Evangile commenté du mardi 28 août 2018 - St Augustin, évêque et docteur de l'Église

Hebdomada XXI per annum XXIème semaine dans l'année
Feria III Mardi
S. Augustini, episcopi et Ecclesiae doctoris St Augustin, évêque et docteur de l'Église
Memoria Mémoire
Evangelium Evangile
Léctio sancti Evangélii secúndum Matthaéum (23,8-12)
In illo tempore: Dixit Iesus ad discipulos suos: Vos nolíte vocári Rabbi; unus enim est Magíster vester, omnes autem vos fratres estis. Et Patrem nolíte vocáre vobis super terram, unus enim est Pater vester, caeléstis. Nec vocémini Magístri, quia Magíster vester unus est, Christus. Qui maíor est vestrum, erit miníster vester. Qui autem se exaltáverit, humiliábitur; et, qui se humiliáverit, exaltábitur. En ce temps là : Jésus dit à Ses disciples : Mais vous, ne vous faites point appeler Rabbi, car vous n’avez qu’un seul Maître, et vous êtes tous frères. Et ne donnez à personne sur la terre le nom de père, car vous n’avez qu’un seul Père qui est dans les Cieux.

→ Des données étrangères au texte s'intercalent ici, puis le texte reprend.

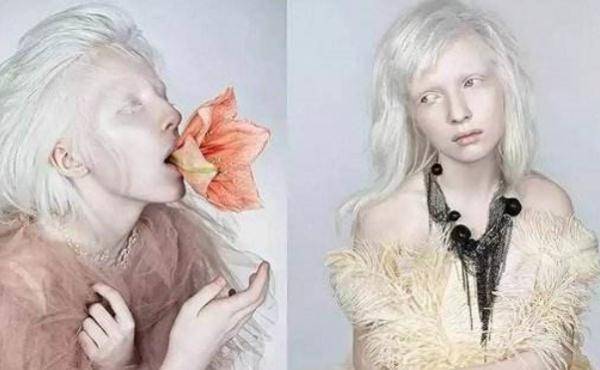 一个人有白化病,是和他的亲戚以及父母的遗传染色体有关系的,白化病是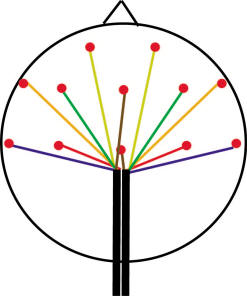 Schematic diagram, showing electrodes (red dots) from 2 cables on the front of the head. The wires are gathered in the black sheaths, which help immobilize the wires and keep them grouped together.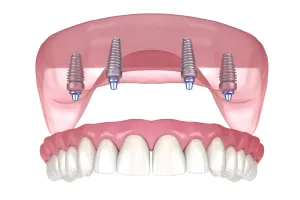 All on 4 Dental Implants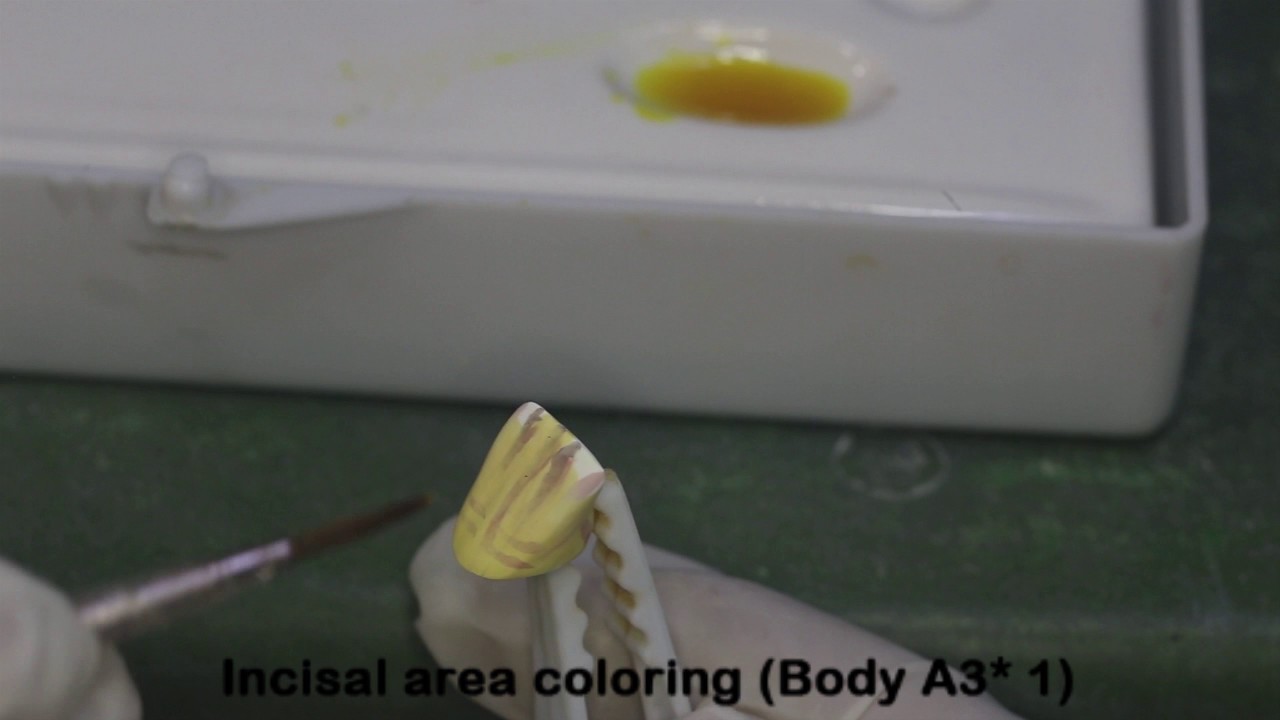 Done By Amin Hasoneh_ SDL Pre-Sinterd Zirconia Coloring Advanced Technique for interior single crown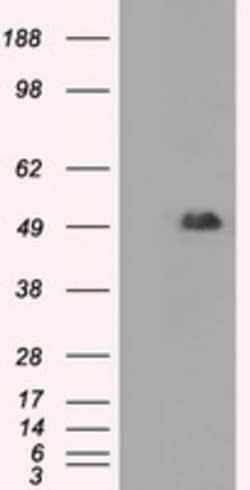 OriGene CD4 Mouse Monoclonal Antibody [Clone ID: OTI6E10], Quantity: Each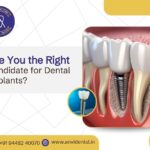 right candidate for dental implants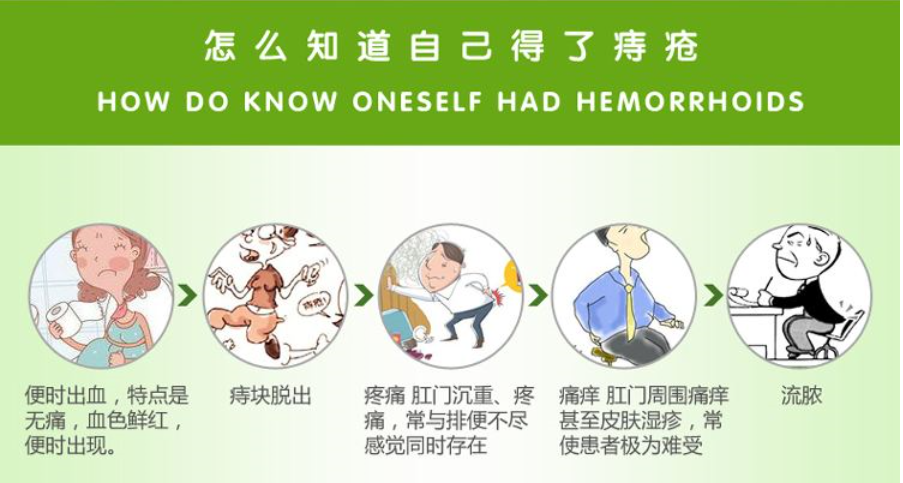大连金州宁城县痔疮有什么症状？得了痔疮好治吗？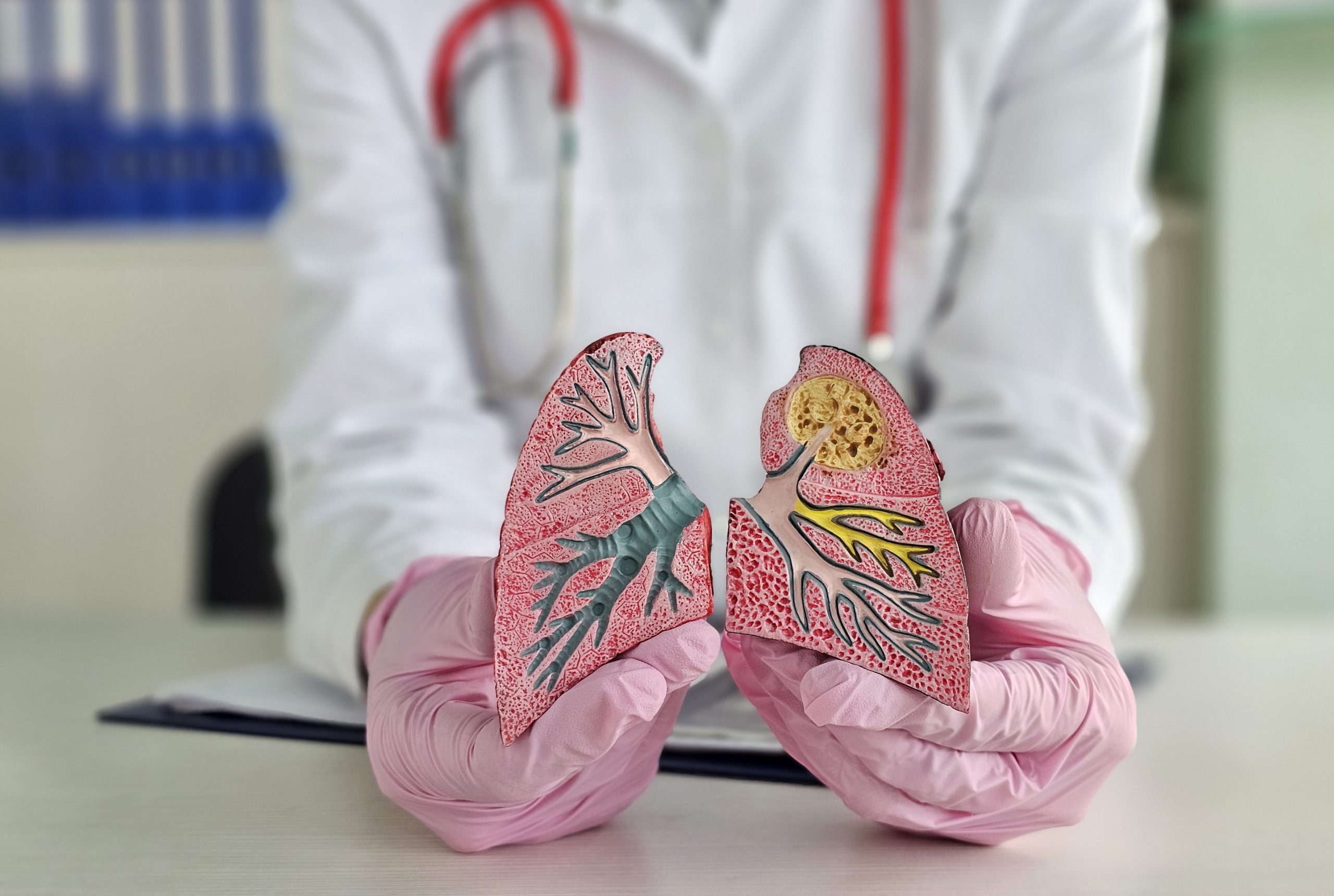 Comment vivre longtemps avec un cancer du poumon : explications et conseils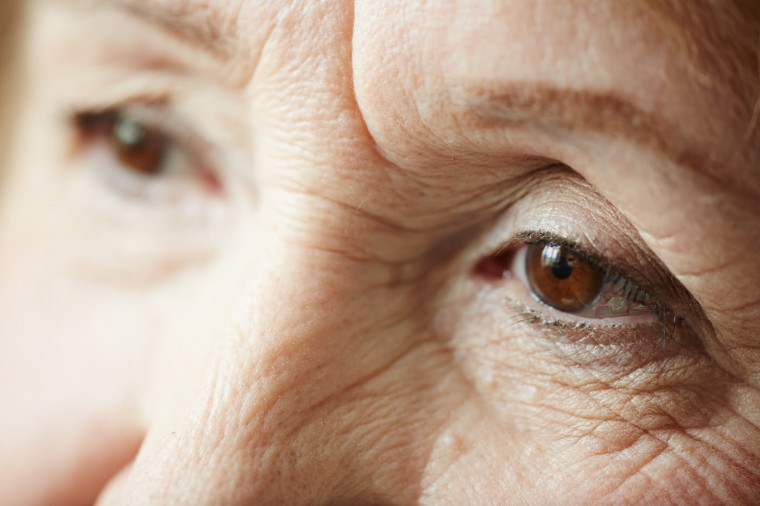 Doença nos olhos em idosos pode causar cegueira.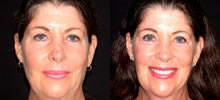 Facelift Patient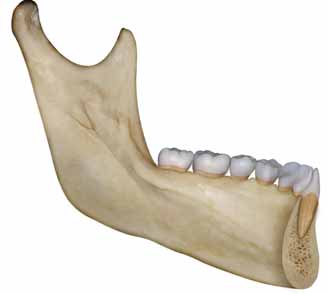 58 Ortodontia - Cabrera & Cabrera Mais frequentemente encontradas nos indivíduos dolicofacias. Manifestam-se alta verticalmente e estreita horizontalmente, com pogônio discreto ou ausente.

Et qu’on ne vous appelle point maîtres, car vous n’avez qu’un seul Maître, le Christ. Celui qui est le plus grand parmi vous, sera votre serviteur. Quiconque s’élèvera, sera humilié, et quiconque s’humiliera, sera élevé.
Verbum Domini. R/. Laus tibi, Christe.Parole du Seigneur. R/. Louange à Toi, ô Christ.
Commentaire de l'Evangile par le TRP Dom Paul Delatte, abbé de Solesmes.
L'attitude des scribes fournit au Seigneur une occasion nouvelle de mettre en garde ses disciples et tout le peuple contre des esprits dangereux et qui se dérobent à leur mission. Selon saint Marc et saint Luc, il le fait en peu de paroles et ne vise directement que les scribes. Saint Matthieu est beaucoup plus étendu ; il ajoute des traits et des invectives qui s'adressent non seulement aux docteurs, mais encore aux pharisiens en général. Plusieurs indices permettent de supposer que cet évangéliste, fidèle à son procédé bien connu, a groupé ensemble des paroles prononcées en des circonstances variées. Nous avons déjà rencontré chez saint Luc (xi, 39-52) des textes identiques ; le lecteur peut s'y reporter.
En dépit de l'austérité de son langage, le Seigneur ne donne pas encore congé définitif à la Synagogue ; l'éviction se fait avec mesure. Il reconnaît une situation de fait : les scribes et les pharisiens ont occupé les chaires de Moïse : c'est-à-dire qu'ils sont devenus les successeurs de Moïse, les interprètes autorisés de la loi religieuse. Mais il y a un départ à accomplir entre leur mission et leur vie. Tout ce qu'ils vous enseignent au nom de Dieu et légitimement, faites -le, dit Jésus, observez-le ; mais abstenez-vous d'imiter leur conduite. Le Seigneur a déjà dénoncé, dans le Discours sur la montagne, l'insuffisance des dispositions pharisiennes, lorsqu'il a déclaré que c'était trop peu, pour appartenir à son Royaume, de la justice telle que l'entendaient les maîtres actuels d'Israël : il enchérissait alors sur les prescriptions formulées par la Synagogue. Aujourd'hui, il dénonce avec plus d'énergie l'indignité de ceux qui représentent la Loi : ils disent et ne font pas. Leur vie est mensonge. Ils sont devenus un péril et un objet de scandale pour les âmes. Gardez-vous de les suivre en tout, prenez vos sûretés contre eux : cavete a scribis (cf. Mt., XVI, 6 ; Lc,xii, 1 ; Mal., ii, 7-8).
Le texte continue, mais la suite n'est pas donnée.